Abstract This paper explores racial differences in police use of force. On non-lethal uses of force, blacks and Hispanics are more than fifty percent more likely to experience some form of force in interactions with police. Adding controls that account for important context and civilian behavior reduces, but cannot fully explain, these disparities. On the most extreme use of force ? officer-involved shootings ? we find no racial differences in either the raw data or when contextual factors are taken into account. We argue that the patterns in the data are consistent with a model in which police officers are utility maximizers, a fraction of which have a preference for discrimination, who incur relatively high expected costs of officer-involved shootings. Keywords: discrimination, decision making, bias, police use of force

This work has benefitted greatly from discussions and debate with Chief William Evans, Chief Charles McClelland, Chief Martha Montalvo, Sergeant Stephen Morrison, Jon Murad, Lynn Overmann, Chief Bud Riley, and Chief Scott Thomson. I am grateful to David Card, Kerwin Charles, Christian Dustmann, Michael Greenstone, James Heckman, Richard Holden, Lawrence Katz, Steven Levitt, Jens Ludwig, Glenn Loury, Kevin Murphy, Derek Neal, John Overdeck, Jesse Shapiro, Andrei Shleifer, Jorg Spenkuch, Max Stone, John Van Reenan, Christopher Winship, and seminar participants at Brown University, University of Chicago, London School of Economics, University College London, and the NBER Summer Institute for helpful comments and suggestions. Brad Allan, Elijah De La Campa, Tanaya Devi, and William Murdock III provided truly phenomenal project management and research assistance. Lukas Althoff, Dhruva Bhat, Samarth Gupta, Julia Lu, Mehak Malik, Beatrice Masters, Ezinne Nwankwo, Charles Adam Pfander, Sofya Shchukina and Eric Yang provided excellent research assistance. Financial support from EdLabs Advisory Group and an anonymous donor is gratefully acknowledged. Correspondence can be addressed to the author by email at rolandfryer@edlabs.harvard.edu. The usual caveat applies.
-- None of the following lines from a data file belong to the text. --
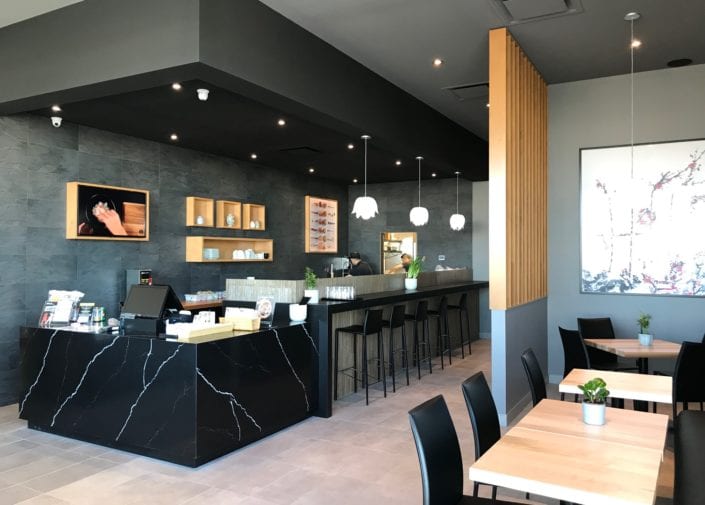 Restaurant Sushi Shop Place Laval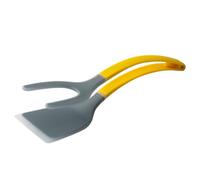 Opilroyn Spatule à œufs - 2 en 1 Inverseur et pince à œufs,Poignée ergonomique Ustensiles de cuisine pour steak BBQ Crêpe Poisson Toast Petit déjeuner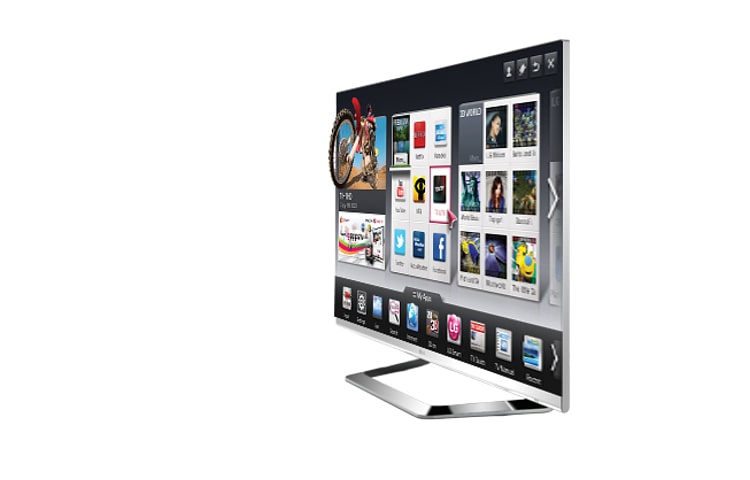 LG 47 inch TV | Smart 3D TV | Cinema Screen | Magic Remote | 6 pairs of Cinema 3D glasses included, 47LM6700
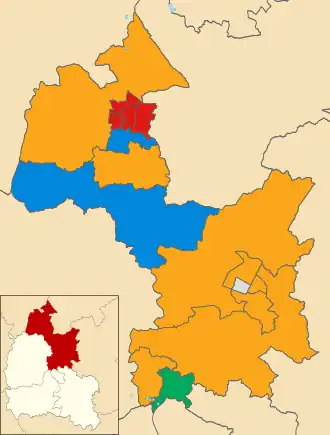 2024 results map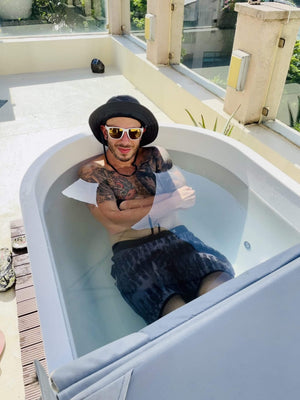 Ice Bath with Chiller - Dreampod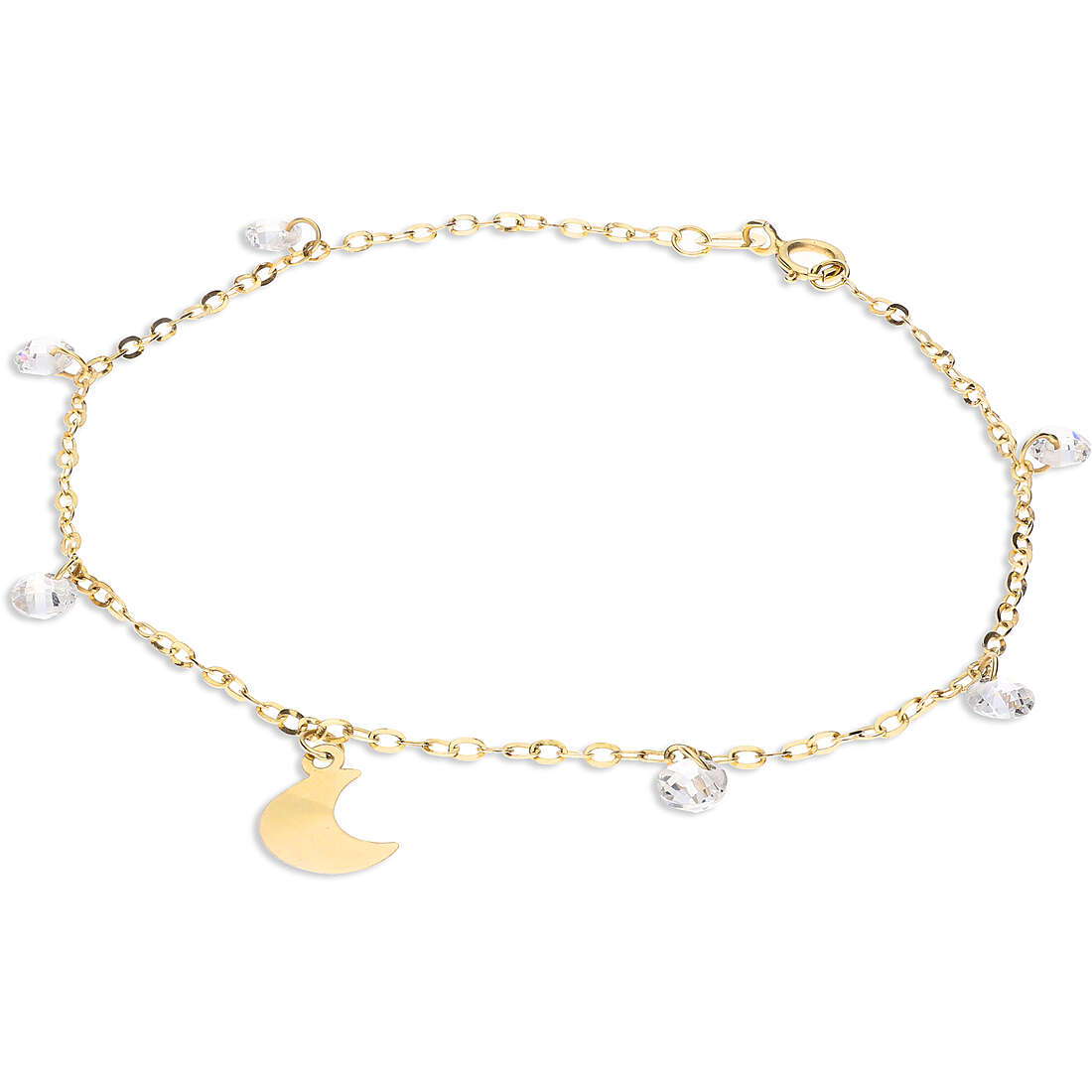 bracelet woman Charms/Beads 18 kt Gold jewel GioiaPura Oro 750 GP-S223602
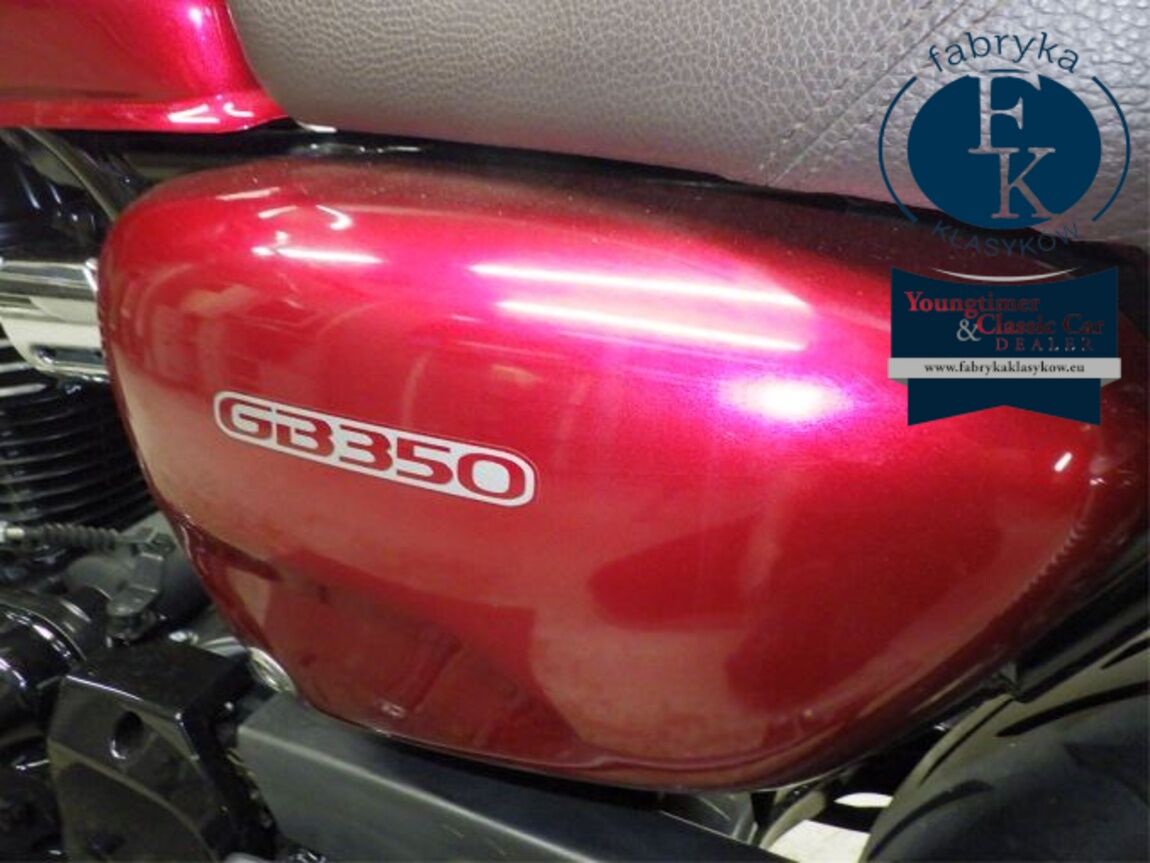 HONDA GB350 2022 - zdjęcie 19
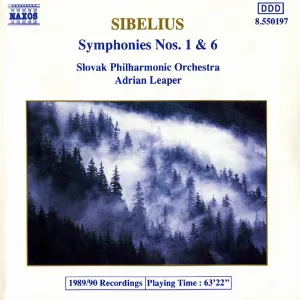 Pochette Symphonies nos. 1 & 6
Department of Economics, Harvard University, and the NBER, (rfryer@fas.harvard.edu);

"We can never be satisfied as long as the Negro is the victim of the unspeakable horrors of police brutality." Martin Luther King, Jr., August 28, 1963.

I. Introduction

From "Bloody Sunday" on the Edmund Pettus Bridge to the public beatings of Rodney King, Bryant Allen, and Freddie Helms, the relationship between African-Americans and police has an unlovely history. The images of law enforcement clad in Ku Klux Klan regalia or those peaceful protesters being attacked by canines, high pressure water hoses, and tear gas are an indelible part of American history. For much of the 20th century, law enforcement chose to brazenly enforce the status quo of overt discrimination, rather than protect and serve all citizens.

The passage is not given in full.